Well, then again, maybe it is.

Markets, that is. Given that most of the algorithmic fueling of the markets in the last decade has come from the ranks of physics derivatives, game theory and other realms of the rocket scientists, perhaps it is fitting that it took a couple of physics scientists to come up with the conclusion, which simply tested the hypothesis of the rest of us, that the world's markets are the playthings of a select few.
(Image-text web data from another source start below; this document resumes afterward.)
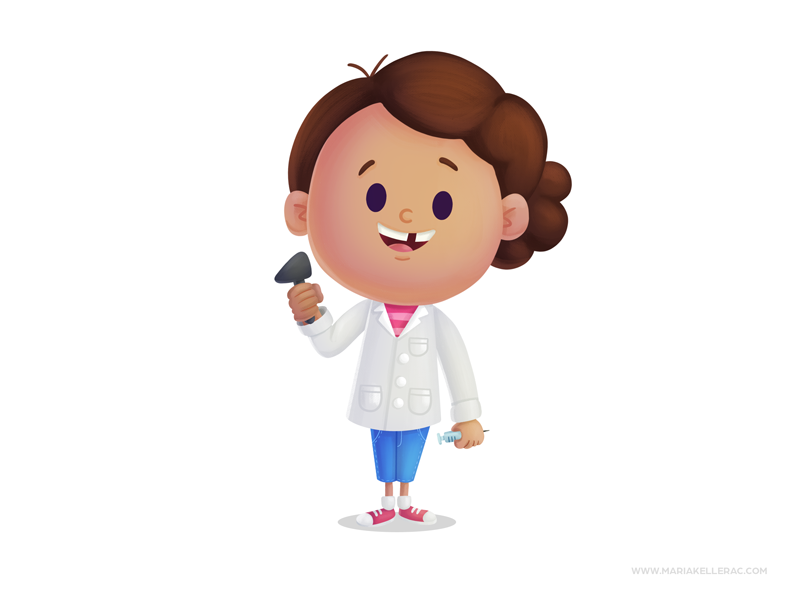 Doctor Girl kidlitart cute children procreate carreers dreams doctor m.png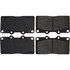 104.05310 by CENTRIC - Posi Quiet Semi-Metallic Brake Pads with Hardware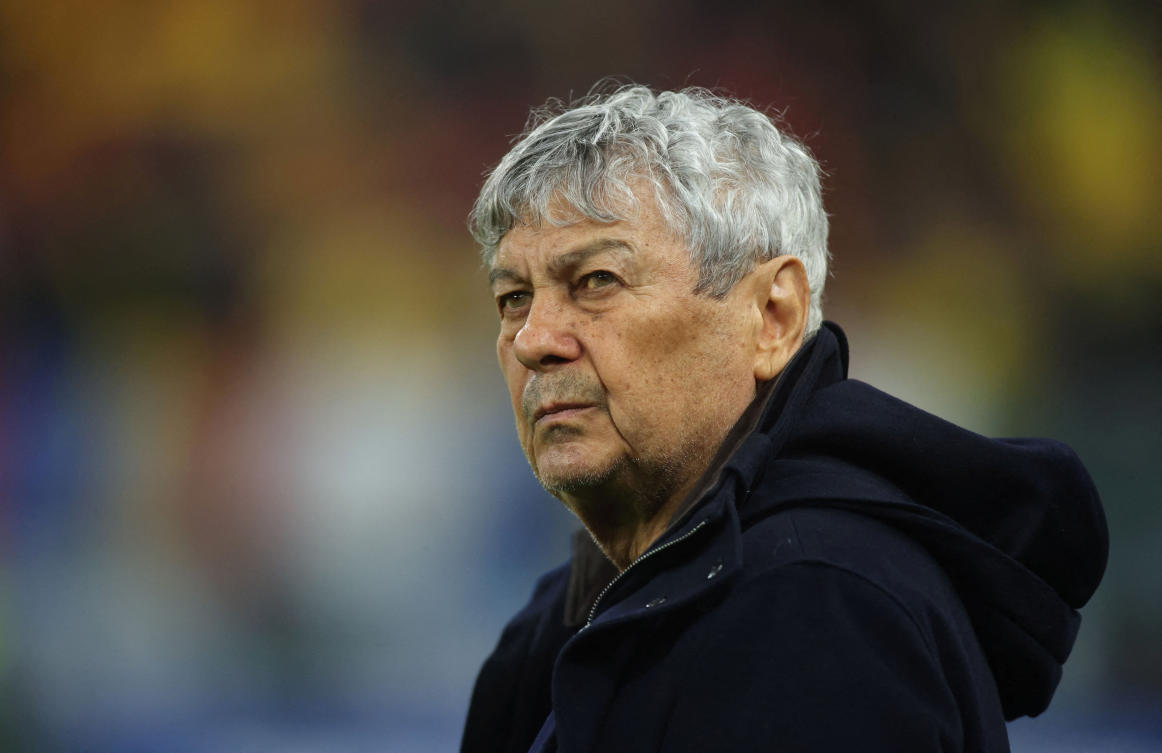 Romania coach Mircea Lucescu looks on during the World Cup — UEFA Qualifiers — Group H — Romania v Bosnia & Herzegovina — Arena Nationala, Bucharest, Romania — Mar. 21, 2025.(Reuters/File)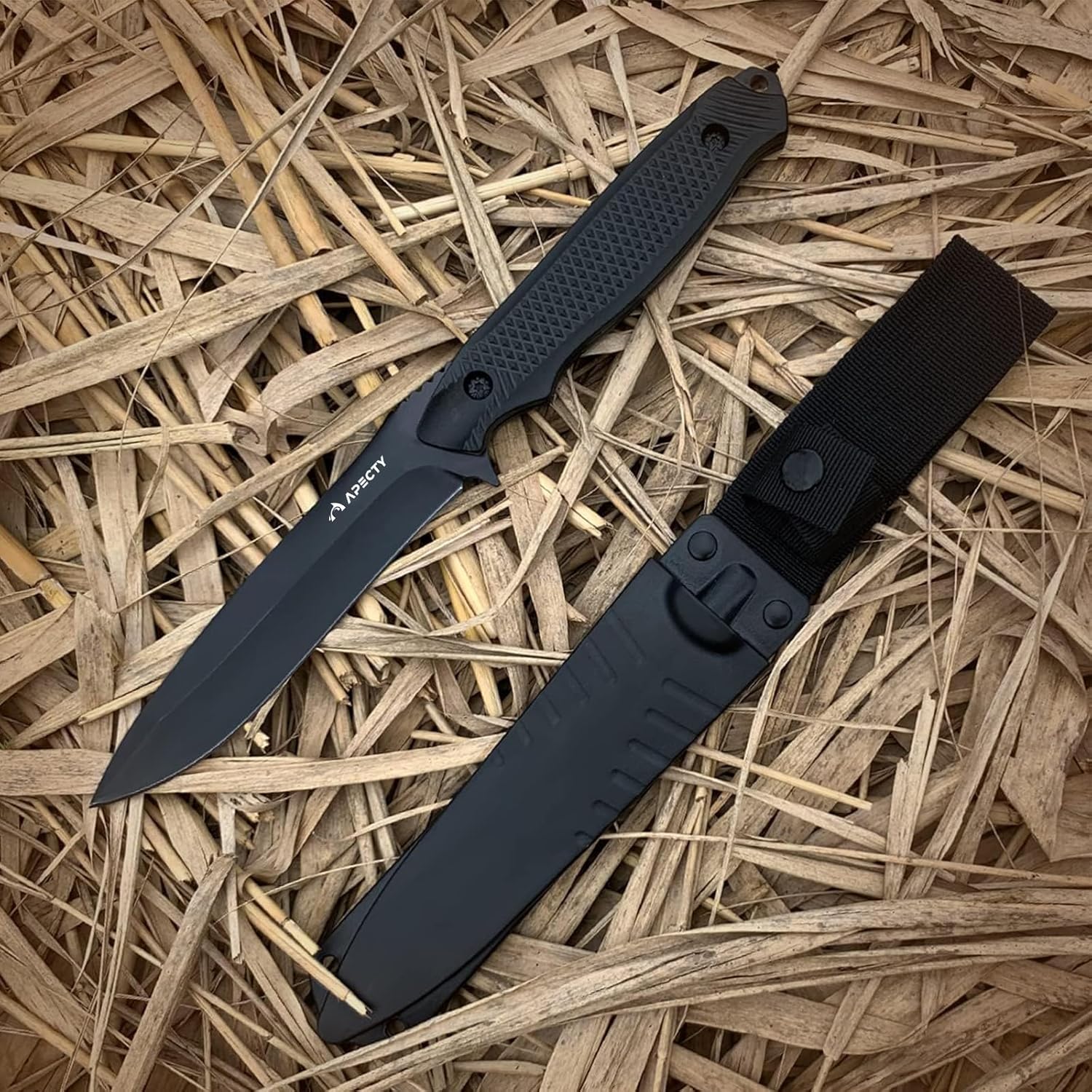 アウトドア用フルタングステンレス鋼シースナイフ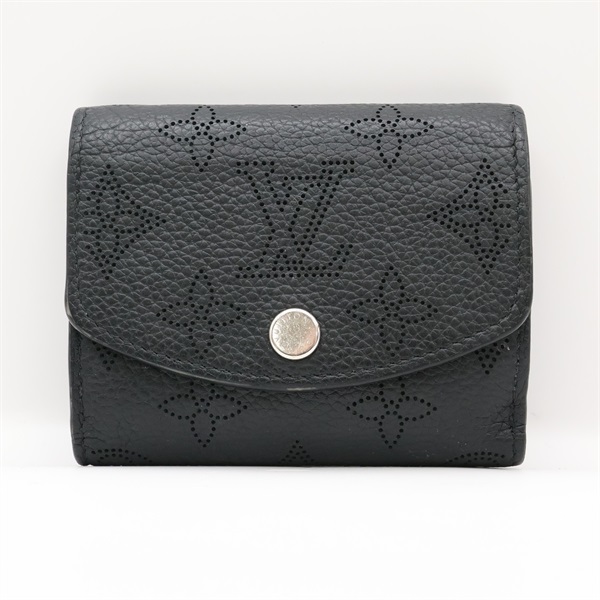 黑色 牛皮 Iris XS 扣式短夾【LOUIS VUITTON LV 路易威登】 M67498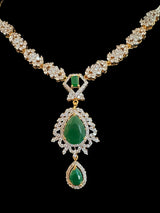 DNS145 suha necklace set in green ( READY TO SHIP )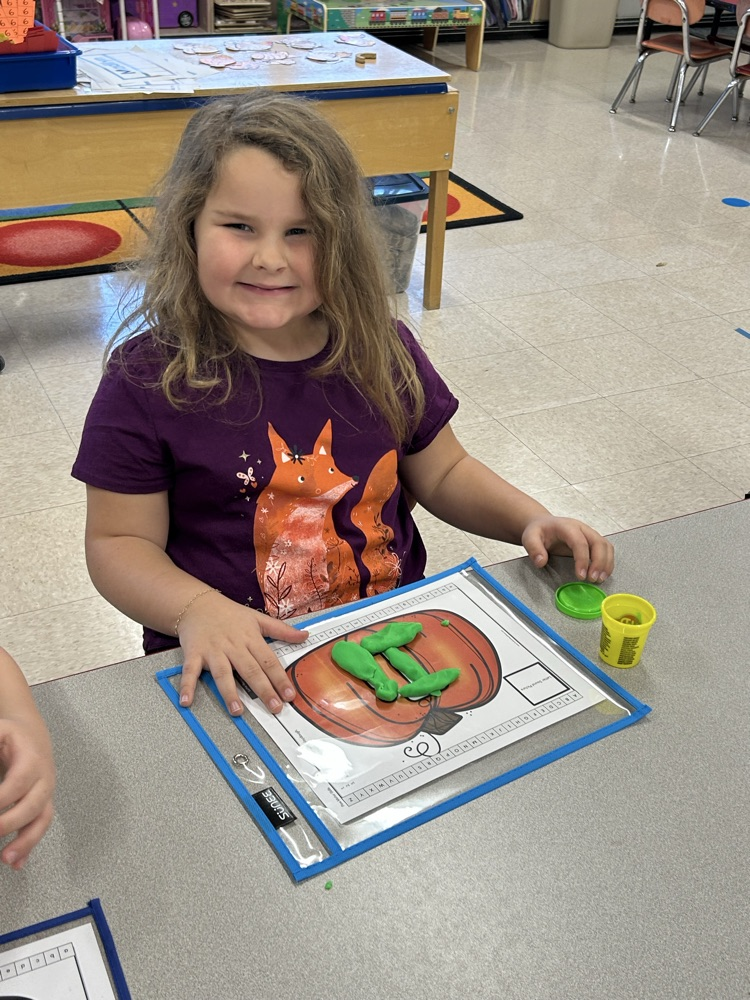 Playdoh letter building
Study Says World's Stocks Controlled by Select Few and "Companies from US, UK and Australia have the most concentrated financial power."
A pair of physicists at the Swiss Federal Institute of Technology in Zurich did a physics-based analysis of the world economy as it looked in early 2007. Stefano Battiston and James Glattfelder extracted the information from the tangled yarn that links 24,877 stocks and 106,141 shareholding entities in 48 countries, revealing what they called the "backbone" of each country's financial market. These backbones represented the owners of 80 percent of a country's market capital, yet consisted of remarkably few shareholders.

"You start off with these huge national networks that are really big, quite dense," Glattfelder said. “From that you're able to ... unveil the important structure in this original big network. You then realize most of the network isn't at all important."
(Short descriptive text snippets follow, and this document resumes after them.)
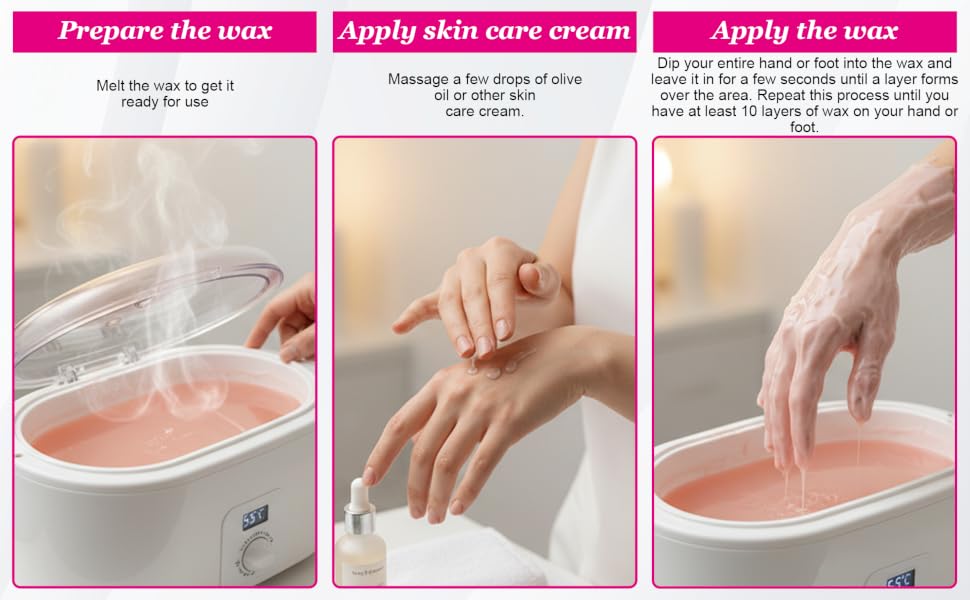200 Disposable Larger-Size Thicker Paraffin Bath Liners, Plastic Covers for Hands/Feet, Beauty & Personal Care Hand-Foot Care Accessory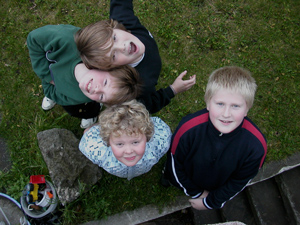 portrait, Loki and friends, Reykjavík, Iceland, October 2004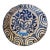Mid 19th Century Spanish Ceramic Fajalauza Bowl From Granada For Sale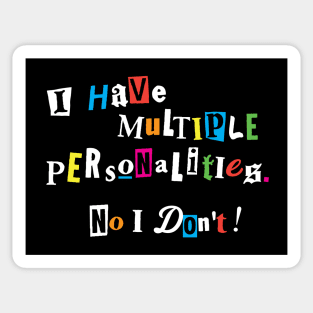 Personalities Sticker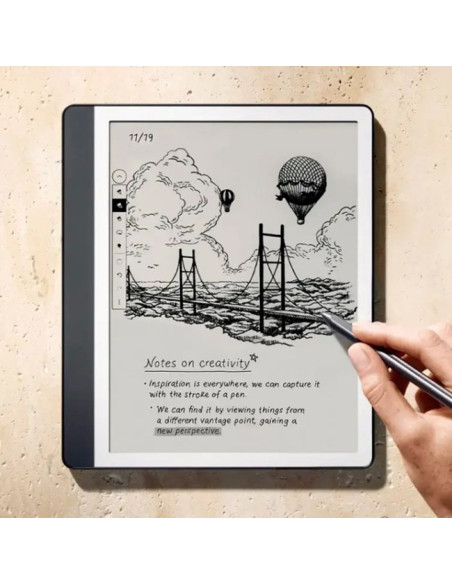 Czytnik Ebook New Kindle Scribe - 2024 Release 10.2” Glare-Free 16Gb Wi-Fi (Without Lockscreen Ads) With Premium Pen Tungsten +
Large, sparse networks dominated by a few major companies could also be more vulnerable, he said. "In network speak, if those nodes fail, that has a big effect on the network."

The most pared-down backbones exist in Anglo-Saxon countries, including the U.S., Australia, and the U.K. Paradoxically; these same countries are considered by economists to have the most widely-held stocks in the world, with ownership of companies tending to be spread out among many investors. But while each American company may link to many owners, Glattfelder and Battiston's analysis found that the owners varied little from stock to stock, meaning that comparatively few hands are holding the reins of the entire market.

The results raise questions of where and when a company could choose to exert this influence, but Glattfelder and Battiston are reluctant to speculate.

Guambat reckons Washington repeatedly shows the backbone in bailing out the backbone of the financial markets, but lacks its own backbone to regulate it.